* [Required action]: As the answer, set down the lines below from the one containing "Bracelet Doré à Pierres" through the one containing "2019 Nissan Altima Image 9", exactly and inclusively, and no others.

* [Data]:
= Beginning of Section =
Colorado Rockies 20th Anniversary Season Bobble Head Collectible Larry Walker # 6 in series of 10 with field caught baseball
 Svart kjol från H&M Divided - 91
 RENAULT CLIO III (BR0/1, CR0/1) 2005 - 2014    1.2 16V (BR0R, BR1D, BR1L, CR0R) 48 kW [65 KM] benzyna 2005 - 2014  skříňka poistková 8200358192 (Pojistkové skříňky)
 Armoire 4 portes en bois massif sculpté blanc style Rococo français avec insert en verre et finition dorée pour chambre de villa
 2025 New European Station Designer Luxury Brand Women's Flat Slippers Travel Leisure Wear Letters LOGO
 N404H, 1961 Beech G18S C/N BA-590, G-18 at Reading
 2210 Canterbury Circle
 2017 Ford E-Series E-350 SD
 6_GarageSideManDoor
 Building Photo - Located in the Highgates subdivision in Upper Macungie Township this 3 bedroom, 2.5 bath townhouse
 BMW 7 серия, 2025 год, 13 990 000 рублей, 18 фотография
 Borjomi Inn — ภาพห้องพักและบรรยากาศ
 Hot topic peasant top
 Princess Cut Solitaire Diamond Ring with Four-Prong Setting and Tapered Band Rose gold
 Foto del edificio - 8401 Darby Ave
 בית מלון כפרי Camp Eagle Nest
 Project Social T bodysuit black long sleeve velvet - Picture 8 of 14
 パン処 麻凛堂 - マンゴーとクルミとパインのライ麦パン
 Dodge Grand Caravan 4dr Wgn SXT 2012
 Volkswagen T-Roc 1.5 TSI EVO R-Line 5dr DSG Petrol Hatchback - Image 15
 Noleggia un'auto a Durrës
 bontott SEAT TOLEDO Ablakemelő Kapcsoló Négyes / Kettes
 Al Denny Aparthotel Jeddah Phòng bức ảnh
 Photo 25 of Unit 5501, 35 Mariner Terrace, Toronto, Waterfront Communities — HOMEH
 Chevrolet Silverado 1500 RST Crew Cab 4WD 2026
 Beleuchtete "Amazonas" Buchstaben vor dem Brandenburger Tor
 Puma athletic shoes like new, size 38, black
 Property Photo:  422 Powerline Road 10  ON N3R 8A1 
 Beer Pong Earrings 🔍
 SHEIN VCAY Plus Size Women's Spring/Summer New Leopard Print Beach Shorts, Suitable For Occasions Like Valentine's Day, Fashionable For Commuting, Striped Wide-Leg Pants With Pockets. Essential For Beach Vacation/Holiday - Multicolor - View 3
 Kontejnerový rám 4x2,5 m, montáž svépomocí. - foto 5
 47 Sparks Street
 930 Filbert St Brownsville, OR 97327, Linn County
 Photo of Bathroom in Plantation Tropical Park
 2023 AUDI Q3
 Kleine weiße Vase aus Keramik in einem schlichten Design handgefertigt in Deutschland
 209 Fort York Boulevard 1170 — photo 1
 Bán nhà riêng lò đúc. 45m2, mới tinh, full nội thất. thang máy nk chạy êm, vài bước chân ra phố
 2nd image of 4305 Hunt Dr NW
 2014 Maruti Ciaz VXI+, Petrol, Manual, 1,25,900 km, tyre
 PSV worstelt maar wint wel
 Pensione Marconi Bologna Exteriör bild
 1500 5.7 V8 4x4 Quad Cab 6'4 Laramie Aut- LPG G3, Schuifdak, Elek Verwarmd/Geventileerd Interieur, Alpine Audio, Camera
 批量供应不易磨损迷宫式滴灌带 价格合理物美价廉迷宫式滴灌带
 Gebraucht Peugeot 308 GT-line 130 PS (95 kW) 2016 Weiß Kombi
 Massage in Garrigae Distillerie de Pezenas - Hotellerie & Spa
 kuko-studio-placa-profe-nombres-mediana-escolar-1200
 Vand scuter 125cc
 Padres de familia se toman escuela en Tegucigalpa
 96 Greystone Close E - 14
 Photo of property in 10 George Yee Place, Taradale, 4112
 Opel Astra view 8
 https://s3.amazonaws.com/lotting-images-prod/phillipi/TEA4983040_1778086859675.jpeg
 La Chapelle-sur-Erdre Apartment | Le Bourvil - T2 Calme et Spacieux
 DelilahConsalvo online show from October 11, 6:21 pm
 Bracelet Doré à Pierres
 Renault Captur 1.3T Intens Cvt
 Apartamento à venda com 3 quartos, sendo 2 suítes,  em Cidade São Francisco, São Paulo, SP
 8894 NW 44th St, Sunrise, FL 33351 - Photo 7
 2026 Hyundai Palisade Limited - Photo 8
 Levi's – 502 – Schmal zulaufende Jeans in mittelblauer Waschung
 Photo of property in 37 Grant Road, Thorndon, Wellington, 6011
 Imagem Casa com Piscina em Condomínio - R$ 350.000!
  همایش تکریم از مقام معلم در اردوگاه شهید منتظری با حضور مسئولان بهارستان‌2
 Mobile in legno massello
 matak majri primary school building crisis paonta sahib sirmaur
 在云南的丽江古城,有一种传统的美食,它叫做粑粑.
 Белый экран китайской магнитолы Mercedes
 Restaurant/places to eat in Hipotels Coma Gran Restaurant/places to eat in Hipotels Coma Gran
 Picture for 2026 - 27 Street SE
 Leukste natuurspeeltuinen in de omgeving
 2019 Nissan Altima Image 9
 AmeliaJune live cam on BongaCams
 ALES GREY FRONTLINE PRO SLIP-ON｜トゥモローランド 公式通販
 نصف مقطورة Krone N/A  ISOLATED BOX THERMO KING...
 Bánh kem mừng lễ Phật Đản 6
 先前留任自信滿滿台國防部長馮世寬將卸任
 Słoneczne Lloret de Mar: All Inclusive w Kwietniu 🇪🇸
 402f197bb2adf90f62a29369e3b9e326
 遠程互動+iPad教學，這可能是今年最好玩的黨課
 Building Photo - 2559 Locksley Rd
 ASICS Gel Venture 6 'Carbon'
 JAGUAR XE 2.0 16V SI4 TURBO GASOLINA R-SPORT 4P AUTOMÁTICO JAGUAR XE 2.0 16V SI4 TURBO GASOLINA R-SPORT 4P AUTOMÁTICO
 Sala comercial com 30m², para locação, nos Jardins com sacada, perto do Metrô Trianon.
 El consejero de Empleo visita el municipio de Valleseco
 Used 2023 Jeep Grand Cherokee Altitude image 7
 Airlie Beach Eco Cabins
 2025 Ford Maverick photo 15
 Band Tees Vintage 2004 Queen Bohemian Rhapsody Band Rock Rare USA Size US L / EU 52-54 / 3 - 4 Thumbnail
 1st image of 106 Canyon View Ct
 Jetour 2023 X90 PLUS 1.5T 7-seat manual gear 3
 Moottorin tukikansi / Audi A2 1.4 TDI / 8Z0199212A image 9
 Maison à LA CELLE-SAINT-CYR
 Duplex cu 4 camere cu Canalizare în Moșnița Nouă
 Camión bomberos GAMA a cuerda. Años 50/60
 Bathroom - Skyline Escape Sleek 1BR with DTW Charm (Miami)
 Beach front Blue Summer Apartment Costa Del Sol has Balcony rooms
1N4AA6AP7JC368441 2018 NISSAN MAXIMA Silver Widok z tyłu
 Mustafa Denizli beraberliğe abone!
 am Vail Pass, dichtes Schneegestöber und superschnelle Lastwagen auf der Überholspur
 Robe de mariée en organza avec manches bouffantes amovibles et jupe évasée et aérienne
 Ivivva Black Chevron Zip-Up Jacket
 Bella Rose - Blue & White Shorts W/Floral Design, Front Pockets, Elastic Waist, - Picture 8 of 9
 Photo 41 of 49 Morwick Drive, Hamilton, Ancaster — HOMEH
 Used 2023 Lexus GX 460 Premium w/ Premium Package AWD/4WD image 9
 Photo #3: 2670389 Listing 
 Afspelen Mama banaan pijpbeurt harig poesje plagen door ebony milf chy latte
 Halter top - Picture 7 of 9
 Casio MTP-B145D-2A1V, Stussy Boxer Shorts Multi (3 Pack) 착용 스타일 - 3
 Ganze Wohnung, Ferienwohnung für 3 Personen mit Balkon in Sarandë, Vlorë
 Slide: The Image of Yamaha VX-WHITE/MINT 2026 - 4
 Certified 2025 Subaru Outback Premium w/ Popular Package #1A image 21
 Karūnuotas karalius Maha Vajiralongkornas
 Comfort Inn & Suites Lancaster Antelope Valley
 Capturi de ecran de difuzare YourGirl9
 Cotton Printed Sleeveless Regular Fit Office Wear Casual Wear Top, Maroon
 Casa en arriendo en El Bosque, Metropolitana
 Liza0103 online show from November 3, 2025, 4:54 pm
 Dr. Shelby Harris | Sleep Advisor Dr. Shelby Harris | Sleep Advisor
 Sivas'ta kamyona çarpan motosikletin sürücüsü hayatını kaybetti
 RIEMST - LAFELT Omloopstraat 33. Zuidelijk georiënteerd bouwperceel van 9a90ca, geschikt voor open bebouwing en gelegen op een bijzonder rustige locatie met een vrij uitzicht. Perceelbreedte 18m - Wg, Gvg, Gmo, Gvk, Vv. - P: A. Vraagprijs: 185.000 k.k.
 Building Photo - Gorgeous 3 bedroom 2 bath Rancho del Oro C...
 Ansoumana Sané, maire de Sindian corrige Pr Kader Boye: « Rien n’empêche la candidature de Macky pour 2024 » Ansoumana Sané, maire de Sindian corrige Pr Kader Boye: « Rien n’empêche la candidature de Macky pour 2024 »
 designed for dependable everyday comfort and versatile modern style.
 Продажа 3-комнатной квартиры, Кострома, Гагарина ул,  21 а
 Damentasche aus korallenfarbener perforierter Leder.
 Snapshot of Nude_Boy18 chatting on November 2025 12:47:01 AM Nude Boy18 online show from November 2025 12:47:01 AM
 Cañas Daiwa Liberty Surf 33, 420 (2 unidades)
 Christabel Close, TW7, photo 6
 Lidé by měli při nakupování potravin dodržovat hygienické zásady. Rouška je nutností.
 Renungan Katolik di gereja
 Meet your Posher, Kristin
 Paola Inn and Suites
= End of Section =
* [Expected answer]:
 Bracelet Doré à Pierres
 Renault Captur 1.3T Intens Cvt
 Apartamento à venda com 3 quartos, sendo 2 suítes,  em Cidade São Francisco, São Paulo, SP
 8894 NW 44th St, Sunrise, FL 33351 - Photo 7
 2026 Hyundai Palisade Limited - Photo 8
 Levi's – 502 – Schmal zulaufende Jeans in mittelblauer Waschung
 Photo of property in 37 Grant Road, Thorndon, Wellington, 6011
 Imagem Casa com Piscina em Condomínio - R$ 350.000!
  همایش تکریم از مقام معلم در اردوگاه شهید منتظری با حضور مسئولان بهارستان‌2
 Mobile in legno massello
 matak majri primary school building crisis paonta sahib sirmaur
 在云南的丽江古城,有一种传统的美食,它叫做粑粑.
 Белый экран китайской магнитолы Mercedes
 Restaurant/places to eat in Hipotels Coma Gran Restaurant/places to eat in Hipotels Coma Gran
 Picture for 2026 - 27 Street SE
 Leukste natuurspeeltuinen in de omgeving
 2019 Nissan Altima Image 9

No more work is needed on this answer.